ParetoOptimal · on July 27, 2023

> even if you don't apt-get a specific version, if two developers build and then run the container (within some time frame)

All of these "maybe it'll work" type ideas are what make modern software so brittle.

dsr_ · on July 27, 2023

If I tell you that there's a remote code execution in libfoobar-1.03 through 1.15, how long does it take you to verify where libfoobar is installed, and what versions are in use? Remember, nobody ships an image layer of libfoobar, it's a common component, though not as common as openssl.

Is there one command, or one script, which can do that? You need that, basically daily.

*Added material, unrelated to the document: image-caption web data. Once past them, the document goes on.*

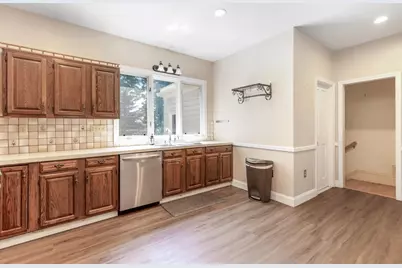 38 Fifth Street, Medford, MA 02155 - Photo 9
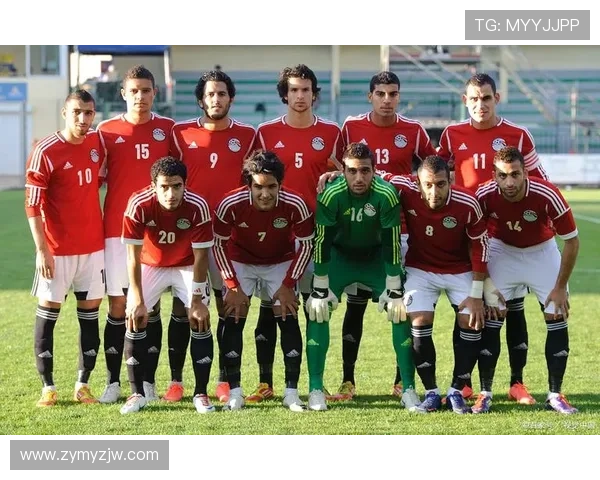 足球场上的魅力风云特别帅的足球明星引领时尚潮流与激情竞技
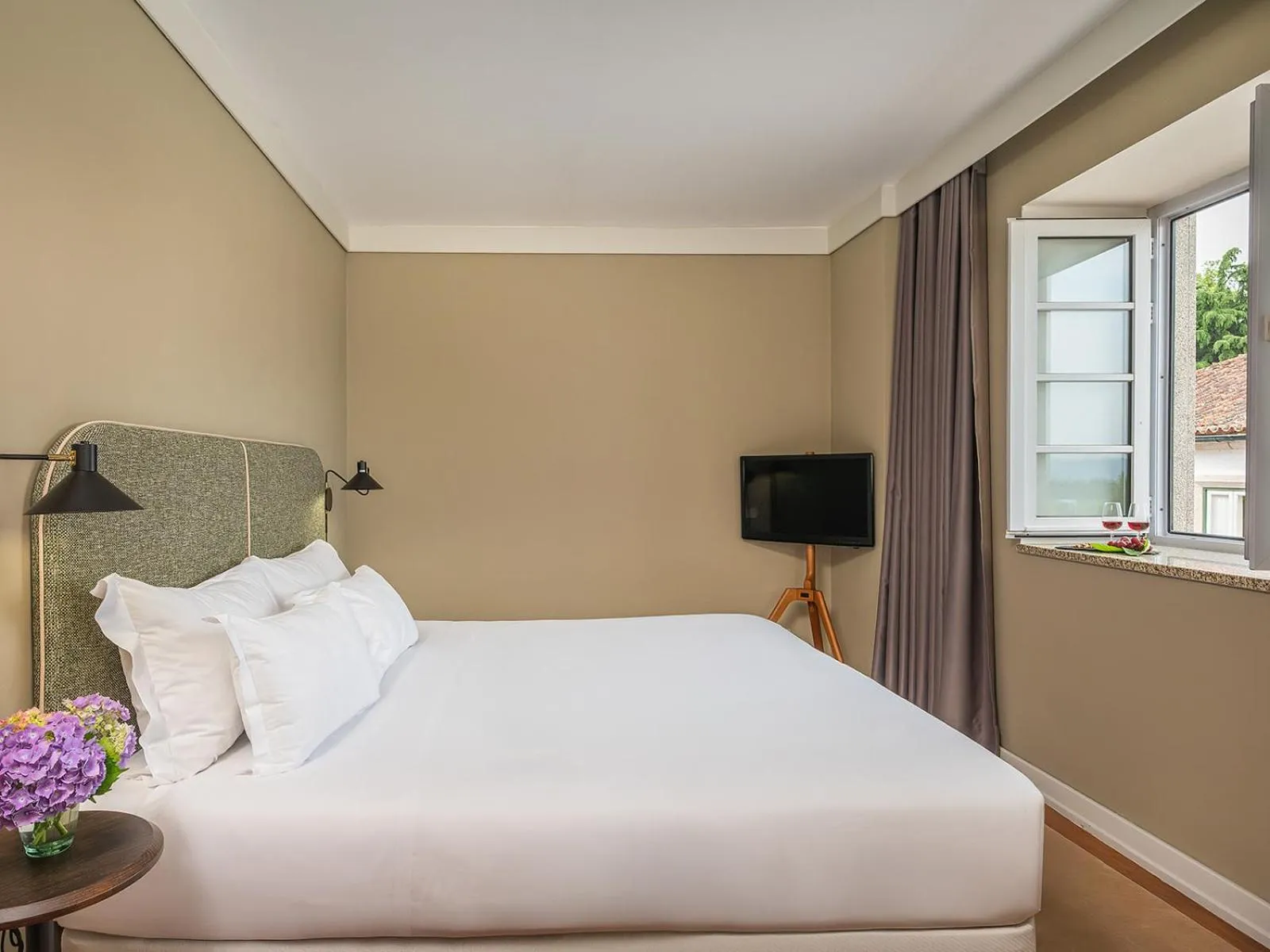 Bed in Forrester Essence Douro Hotel - by Unlock Hotels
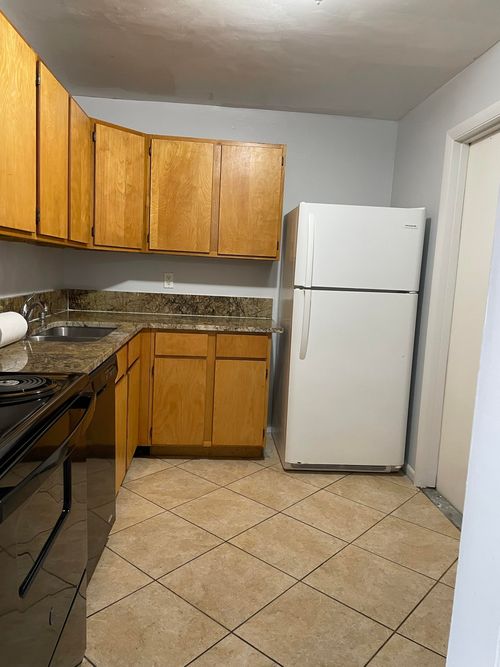 apt-27-608 Nw 13th St, Boca Raton, FL, 33486-2605 | Card Image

Is there one command to rebuild with the new libfoobar-1.17, and at most one more to test for basic functionality? You need that, too.

Spivak · on July 27, 2023

I mean you're not gonna like the answer but in real life when herding cats the answer is setting up an image scanner and renovate, and calling it a day.

It's not like OS images are any better in this respect. I have bit my teeth long enough on software that depends on the base OS and not being able to infra upgrades. Bifurcating responsibility into app/platform is a breath of fresh air by comparison.

alexchantavy · on July 27, 2023

Yup this is a hard problem. Shameless plug to my blogpost on how we built something to do this: https://eng.lyft.com/vulnerability-management-at-lyft-enforc...

salawat · on July 27, 2023

....I can tell you which ones are used by the current linker on the system in what order.

ldconfig -p | grep libfoobar

If you go and spread the linkers all over hither and yon and make it nigh impossible to get results out of them, or don't bother to keep track of where you put things... Welp. Can't help ya there. Shoulda been tracking that all along.

Oh, excuse me... That'll only work for dynamically built things in the abscence of statically linked stuff or clever LD_PRELOAD shenanigans.

Hope ya don't do that.

Fact is. You're really never going to get away from keeping track of all the moving pieces. You're just shuffling complexity and layers of abstraction around.

bandrami · on July 27, 2023

Same problem with flatpak. How many versions of openssl are on my laptop? I have no idea!